The marque SAAB which looked as if it had been consigned to history forever, may have become another Phoenix in more ways than one. A Chinese-Japanese consortium has agreed to buy the bankrupt Swedish automaker and plans to specialize as an electric vehicle manufacturer.
SAAB stopped production last year and filed for bankruptcy in December after take-over talks failed when former SAAB owner and major stakeholder General Motors refused to permit the transfer of technical licenses to any restructured company involving Chinese manufacturers.
Electro-SAAB
However, a consortium, known as National Electric Vehicle Sweden (NEVS), has paid an undisclosed sum to secure the main assets of Saab Automobile including its manufacturing facilities in Trollhattan, Sweden, and the rights to the current 9-3 and their new vehicle platform also known as Phoenix (coincidence?).

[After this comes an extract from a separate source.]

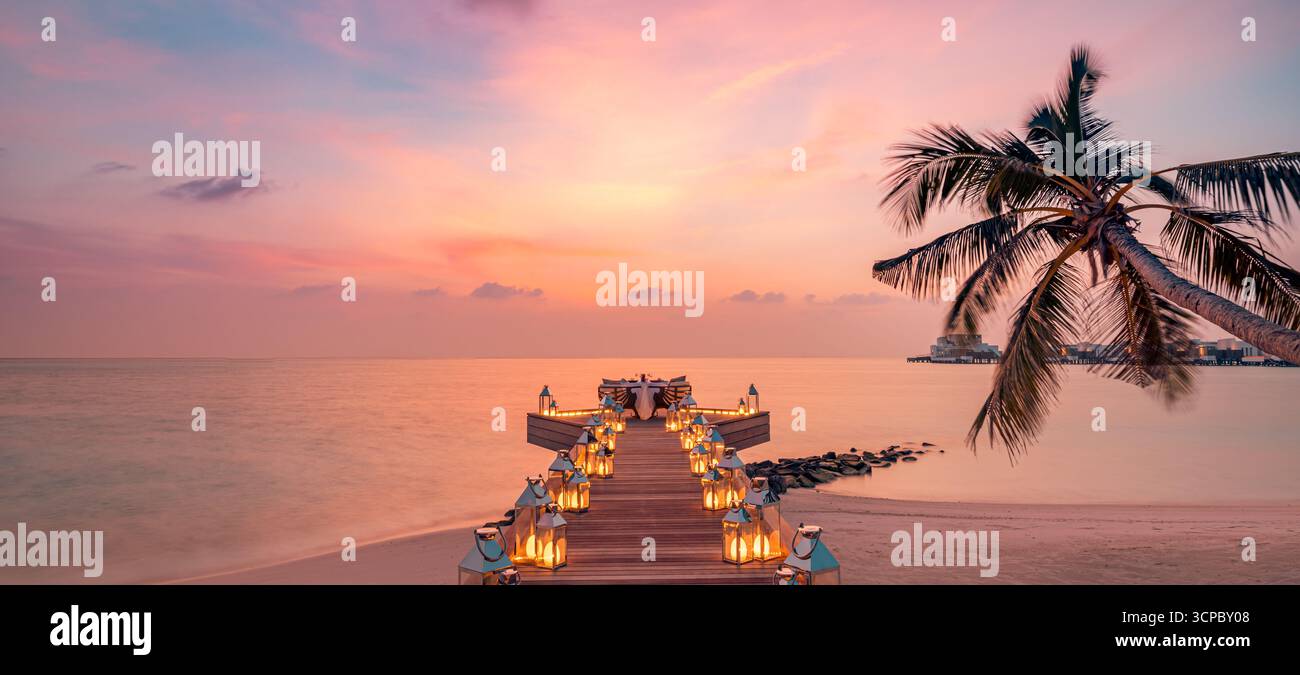 Cena romantica con tavolo panoramico a lume di candela, palme, vista mare sullo sfondo. Love Couple Honeymoon Anniversary Luxury Destination Dining Foto Stock
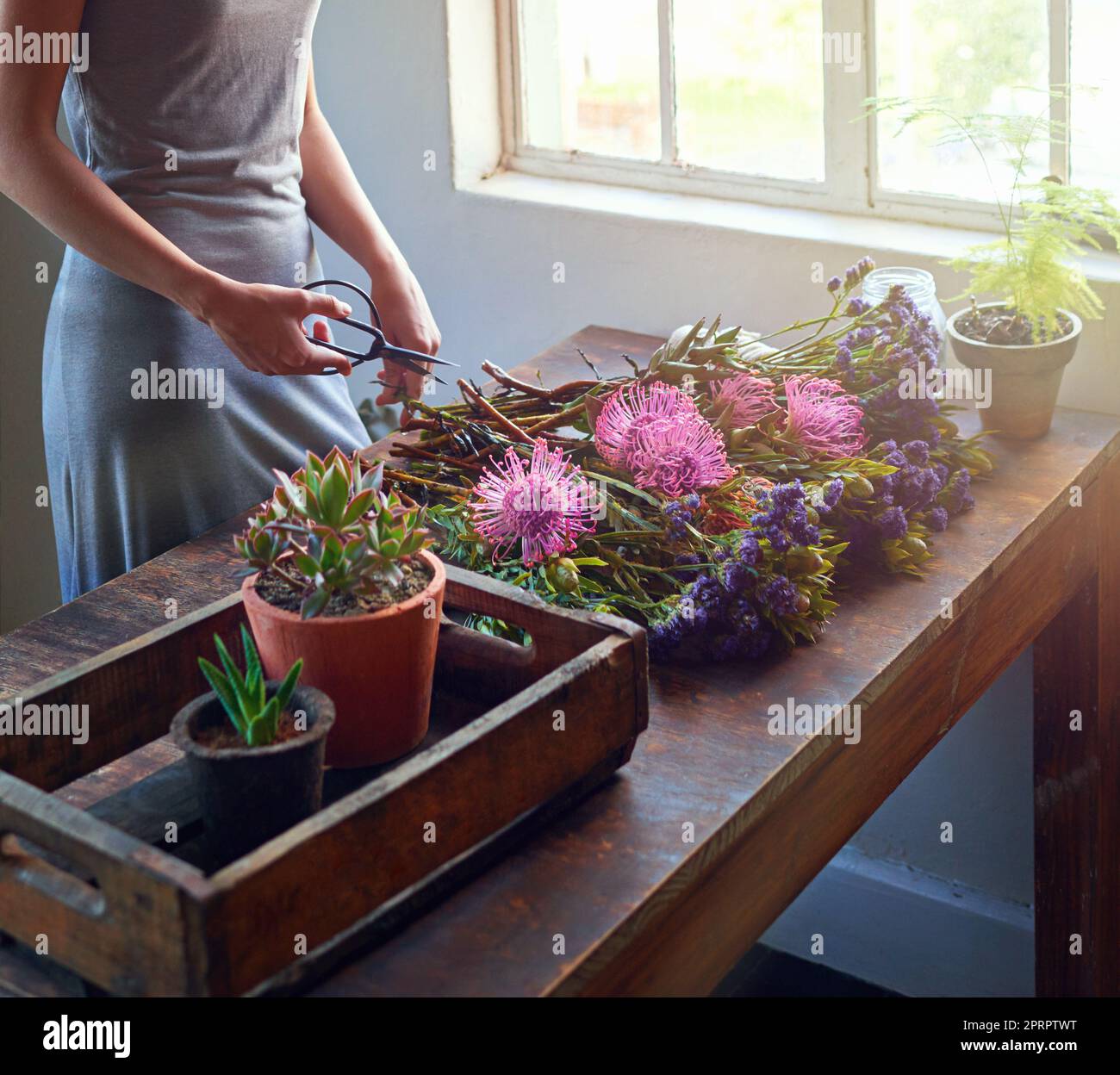 Bringt die Natur ins Haus. Ein hübscher Blumenstrauß wird auf einer Holztheke abgerundet. Stockfoto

The NEVS consortium is 51 percent owned by Hong Kong-based National Modern Energy Holdings Ltd – a company that designs and builds biomass energy powerplants for China – and 49 percent owned by Japanese investment firm Sun Investment, which has a particular focus on hi-tech, eco-oriented projects.
An electric vehicle based on the 9-3 and built at Trollhattan will be the proposed first model produced and will be sold primarily in the fast-growing Chinese market from late next year or early in 2014.
However, NEVS has confirmed it has global sales and marketing aspirations, and that a second Phoenix-based model will follow using “additional cutting-edge technology” from Japan. This certainly makes SAAB another Phoenix.
It is likely that a new EV from the new SAAB company would use the previous SAAB show-car technology with an 135 kW electric motor driving the front wheels through a single-speed transmission, with the SAAB ePower concept car claimed to offer 0-100 km/h acceleration in 8.5 seconds, a 150 km/h top speed and a driving range of up to 200 km.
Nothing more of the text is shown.